Tyne set for a makeover

PROPOSALS have been tabled for an ambitious public art programme to mark the importance of the River Tyne as a gateway to the region.

Tynemouth priory

PROPOSALS have been tabled for an ambitious public art programme to mark the importance of the River Tyne as a gateway to the region.

The estimated cost of the three-year programme would be around £3.25m.

A feasibility study by North and South Tyneside councils has been given a new impetus by the impact of the QE2 visit to the river.

The aims of the project would also include:

The celebration of joint working and of communities on both banks of the Tyne.

High quality public artworks which would highlight the Tyne Gateway and contribute to the regeneration of the area.

Providing new attractions which would draw people to the river.

Raising the profile nationally and internationally of the Tyne Gateway.

The project would be divided into three themes – The View Across the River, The View Out of the River to Sea and Watching the Water, which would concentrate on life on the river.

The study envisages – View Across:

A Europe-wide competition to create viewing platforms at the Stag Line site in Howard Street, North Shields, and the Ballast Hill in South Shields.

Illumination of key landmarks to reflect navigational alignments along the river.

The landscaping of Knotts Flats Bank in North Tyneside and Lawe Top in South Shields through artist/landscape designer collaboration.

View Out:

Illumination of the Tynemouth and South Shields piers.

Bringing together choirs from around the North Sea in a Harbour Songs event.

Using the empty coastguard station in the grounds of Tynemouth Castle and Priory as a research field station for artists, scientists and environmentalists.

Creating a new gateway to the historic Cliffords Fort on North Shields Fish Quay.

Watching the Water:

A live digital work based on shipping movements.

A ship spotters’ guide allowing ship tracking with web-based information.

An annual Very Small Ships Race.

Water Music – a live orchestration of ship horns along the river.

The study points out that it can be argued that the commissioning of public art at the mouth of the river goes back to Collingwood’s Monument in 1845, up to the 1999 Tyne Anew sculpture on the North Shields riverfront and the Conversation Piece sculptures on South Shields foreshore.

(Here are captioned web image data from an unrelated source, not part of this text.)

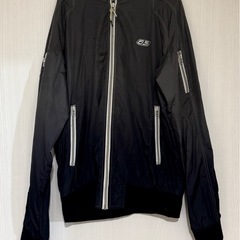 海外購入 55DSL ジャンパー グレー ブルゾン ウインドブレ...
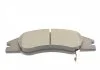 Колодки тормозные передние Cerato 04- KAVO KBP-4003 (фото 3)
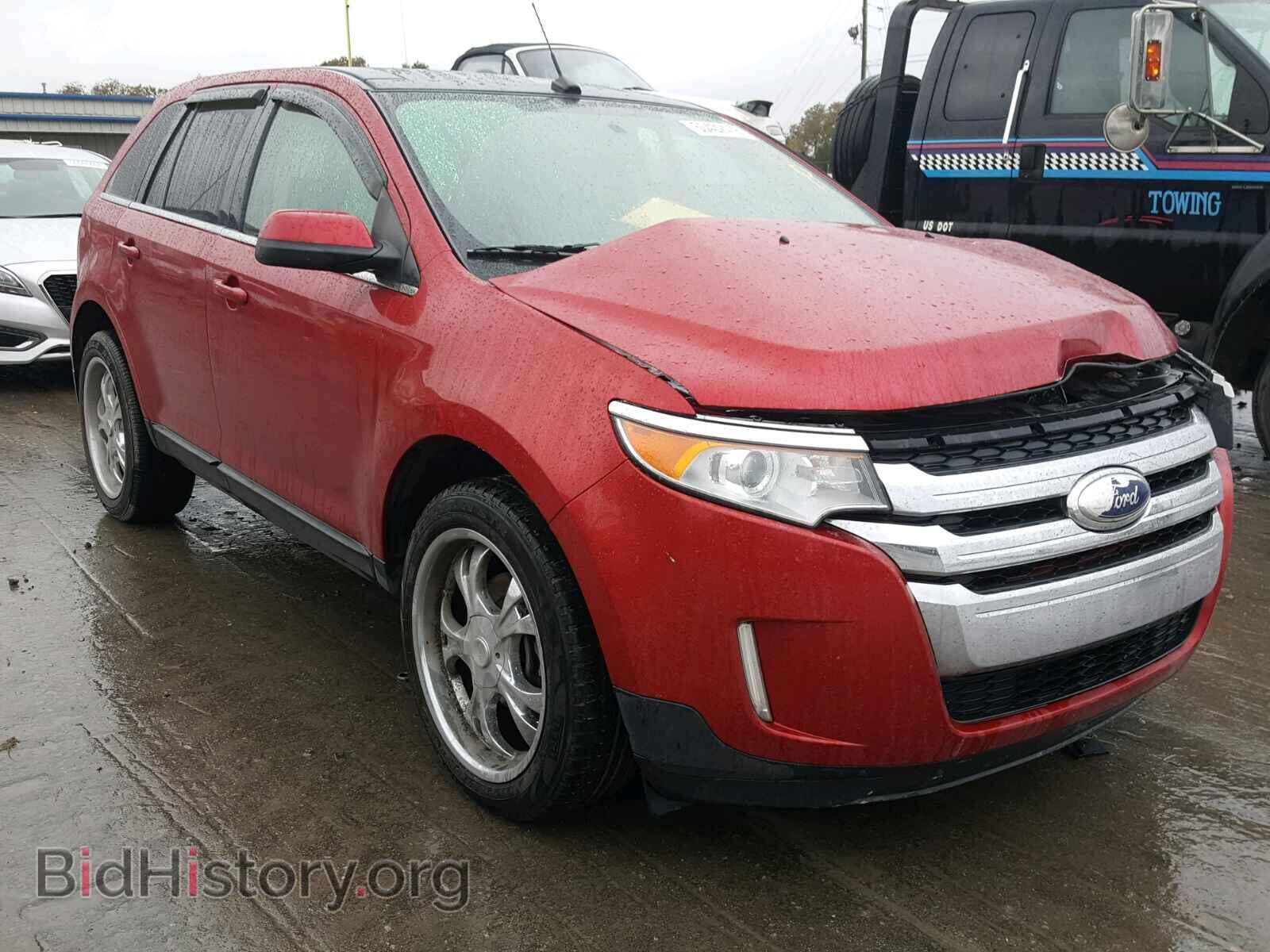Photo 2FMDK3KC3BBB13460 - FORD EDGE 2011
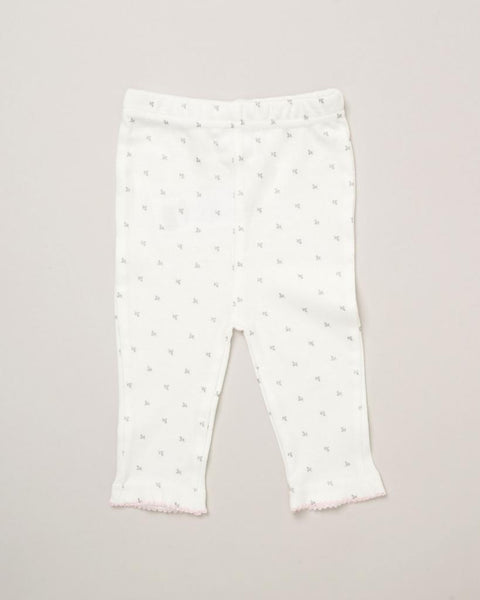 Rock A Bye Baby Baby Girls Ribbed Velour Nursery Set E07788 Pink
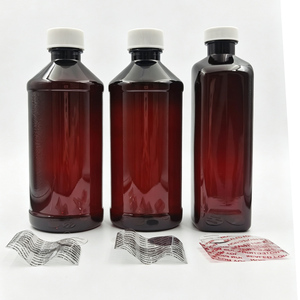Botella de Plástico Etiquetada de 16 oz de Alta Calidad, Varias Marcas: Wockhardt, Tris, HI-TECH, Quagen, Akorn, Actavis, <span class=keywords><strong>Teva</strong></span>, Genus, AYTU - Product Image 5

It is proposed that a steering group is set up including the two councils, Port of Tyne Authority, One NorthEast, Arts Council England and other bodies.

The study says the programme would add a new dimension to the mouth of the river for visitors.

Three artists were appointed to develop ideas for the project. They are Danish artist Lisa Autogena, who is working on a project to create a pair of huge concrete “sound mirrors” on either side of the Channel in Kent and France, international sculptor Richard Deacon, who has been a board member of the Baltic at Gateshead, and David Ward, former artist in residence at Durham Cathedral.